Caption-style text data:
# # # # #

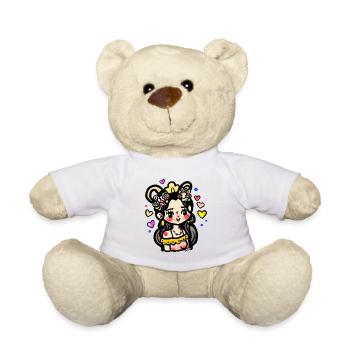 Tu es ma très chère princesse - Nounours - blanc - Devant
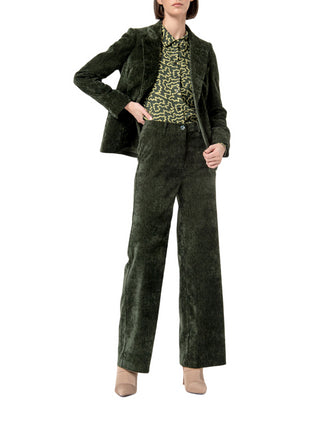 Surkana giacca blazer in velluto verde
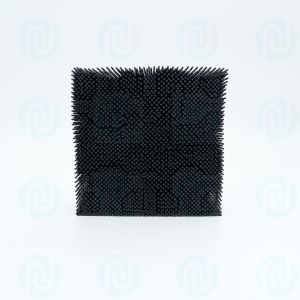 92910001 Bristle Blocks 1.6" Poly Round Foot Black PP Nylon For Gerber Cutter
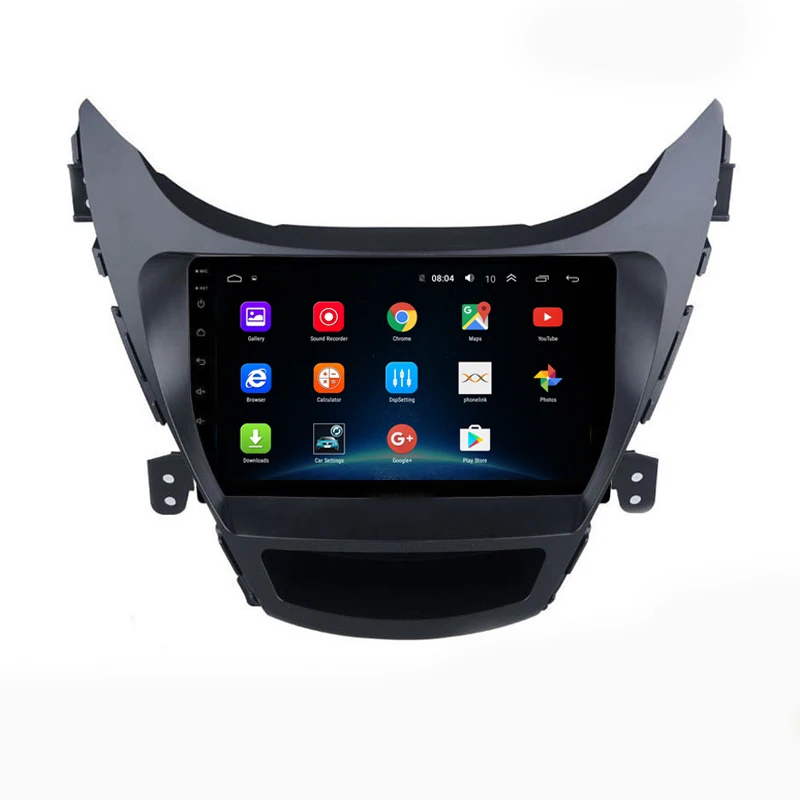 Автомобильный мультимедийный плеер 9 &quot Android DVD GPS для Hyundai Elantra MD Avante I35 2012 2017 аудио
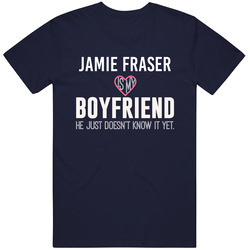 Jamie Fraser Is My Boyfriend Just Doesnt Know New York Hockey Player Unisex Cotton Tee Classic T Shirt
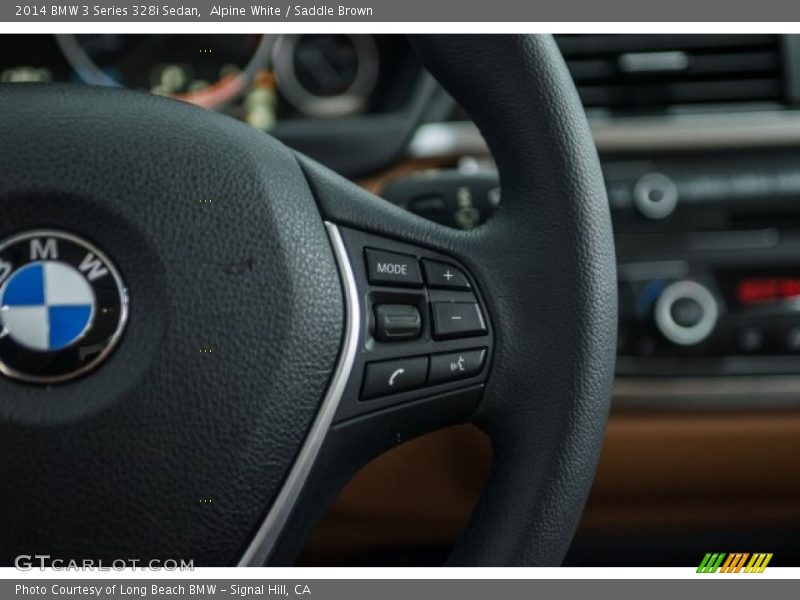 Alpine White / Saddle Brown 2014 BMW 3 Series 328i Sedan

# # # # #

> EXERCISE INSTRUCTIONS
Word for word, write out each line of the records, but leave the pictures behind.

> SOLUTION BELOW
 Tu es ma très chère princesse - Nounours - blanc - Devant
 Surkana giacca blazer in velluto verde
 92910001 Bristle Blocks 1.6" Poly Round Foot Black PP Nylon For Gerber Cutter
 Автомобильный мультимедийный плеер 9 &quot Android DVD GPS для Hyundai Elantra MD Avante I35 2012 2017 аудио
 Jamie Fraser Is My Boyfriend Just Doesnt Know New York Hockey Player Unisex Cotton Tee Classic T Shirt
 Alpine White / Saddle Brown 2014 BMW 3 Series 328i Sedan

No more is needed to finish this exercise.